Agents lets you create custom AI agents that can autonomously execute tasks against your metadata graph — on a schedule, in response to events, or on demand. Each agent can be configured with specific instructions, tools, plugins, and a scoped view of your data ecosystem.

Agents extends Ask DataHub from a conversational assistant into an automation platform with three core concepts:

  • Agents — Custom, purpose-built AI agents with tailored instructions, tool access, and scope
  • Tasks — Repeatable units of work assigned to an agent, triggered manually, on a schedule, or by events
  • Decisions — Human-in-the-loop checkpoints where an agent pauses and requests input before continuing

Example Use Cases

  • Data discovery agents — Create agents scoped to specific parts of your ecosystem, such as a "Snowflake Production" agent or a "Marketing Domain" agent, helping users explore and browse relevant data assets through natural conversation.
  • Data quality and governance reports — Schedule tasks that generate reports on documentation coverage, ownership gaps, classification status, or assertion health across your data assets.
  • Data analytics and debugging agents — Build agents with AI Plugins to take action directly in tools like Snowflake, GitHub, and more — enabling workflows like query debugging, schema analysis, or cross-platform investigation.

Prerequisites

To manage agents, tasks, and decisions, a user must have the Manage Agents platform privilege.
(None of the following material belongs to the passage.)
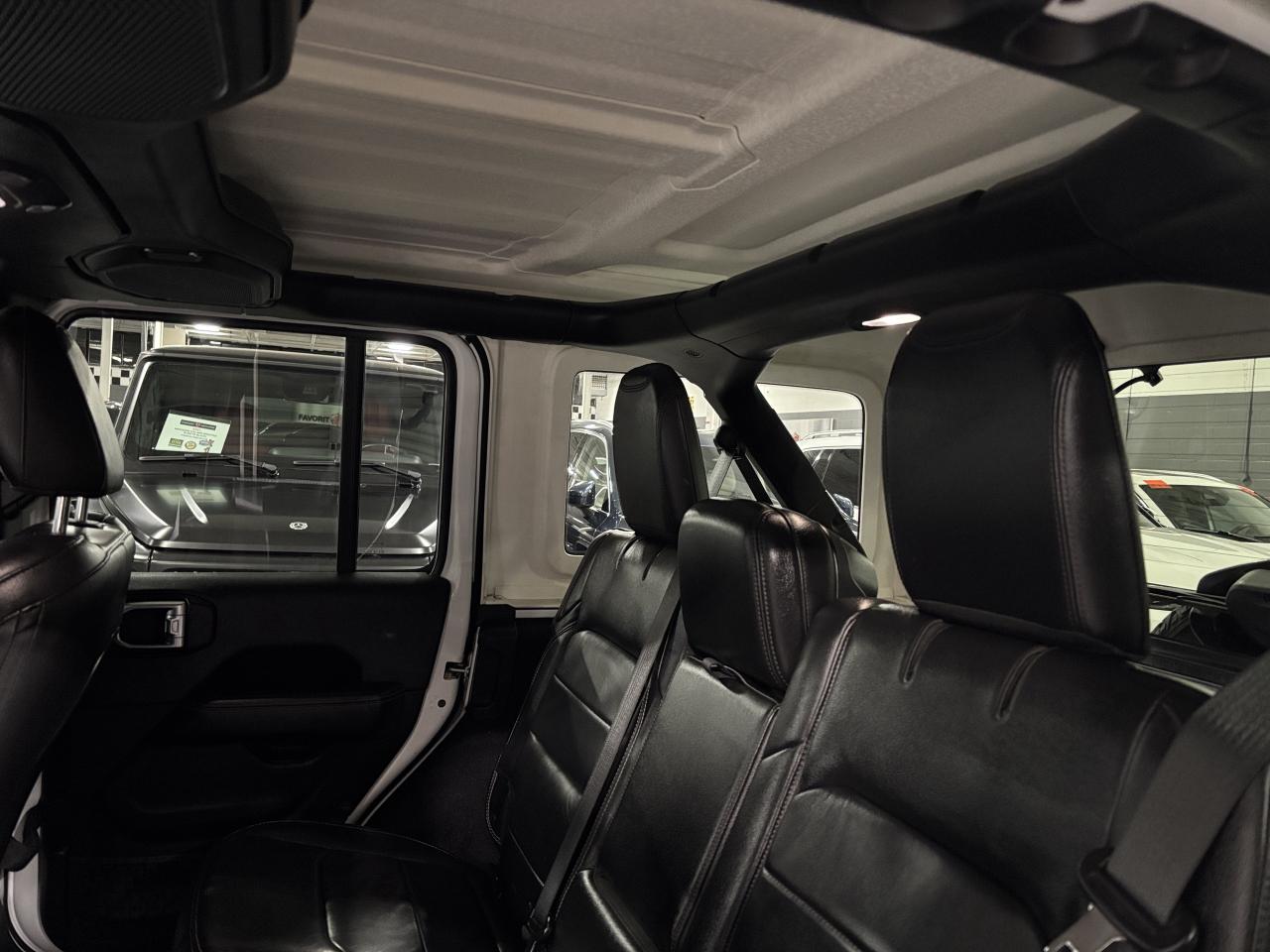 2018 Jeep Wrangler Unlimited Sahara|4X4|V6|AUTOMATIC|NAV|ALPINEAUDIO|LEATHER|++ - Photo #10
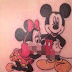 Cette mère refuse de cacher son tatouage quand elle va chercher ses enfants à l'école, les autres parents sont révoltés.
Without it, the Agents section is hidden from the navigation sidebar.

Users without this privilege can still interact with agents that have Show in Ask DataHub Chat enabled — they just cannot create or configure them.

Agents

An agent encapsulates a persona: who it is, what it can do, and what data it can see. Agents come in two flavors:

  • Custom agents — Created by your team through the UI, fully configurable.
  • Default agents — Pre-built by DataHub and shipped with the platform. These cannot be edited but can be used for tasks and chat.

Creating an Agent

Navigate to Context > Agents and click Create Agent.

FieldDescription
NameDisplay name for the agent.
DescriptionOptional summary of the agent's purpose.
InstructionsDetailed guidance for the agent's behavior. Supports @ mentions to reference specific assets.
ToolsSelect which DataHub tools the agent can use (e.g. search, lineage, mutations).
AI PluginsConnect external MCP servers (e.g. Snowflake, GitHub) to give the agent access to external tools.
ViewScope the agent's search to a specific View, limiting which assets it can discover.
Show in Ask DataHub ChatWhen enabled, this agent appears as a selectable persona in the Ask DataHub chat interface.

Agent Detail Page

Click any agent to view its configuration, associated tasks, and pending decisions. From here you can:

  • Edit the agent's configuration
  • Chat with the agent directly via the chat drawer
  • Create tasks assigned to this agent
  • Review pending decisions the agent has requested

Tasks

A task is a repeatable instruction assigned to an agent. Tasks can run on demand, on a schedule, or in response to metadata events. Each task inherits its agent's base instructions, tool access, plugin access, and default view.

Creating a Task

Navigate to the Tasks tab or open an agent's detail page and click Create Task.

FieldDescription
AgentThe agent that will execute this task.
NameDisplay name for the task.
InstructionsWhat the agent should do when this task runs.
Allow DecisionsWhen enabled, the agent can pause execution and ask a human for input.
TriggerHow the task is initiated — Schedule or Event.

Schedule Triggers

Schedule triggers use a cron-based configuration:

  • Frequency: Hourly, Daily, or Weekly
  • Day of Week: (Weekly only) Which day to run
  • Time of Day: (Daily/Weekly) Hour to run
  • Timezone: Timezone for the schedule

Event Triggers

Event triggers fire when a specific metadata event occurs. Currently supported:

  • Task Completion — Runs when another specified task completes, enabling task chaining

Additional event types will be added in future releases.

Running a Task

Regardless of how a task is triggered, you can always run it on demand by clicking Run Now from the tasks table or the task detail page. This is useful for testing a task's instructions and verifying its output before enabling a schedule or event trigger.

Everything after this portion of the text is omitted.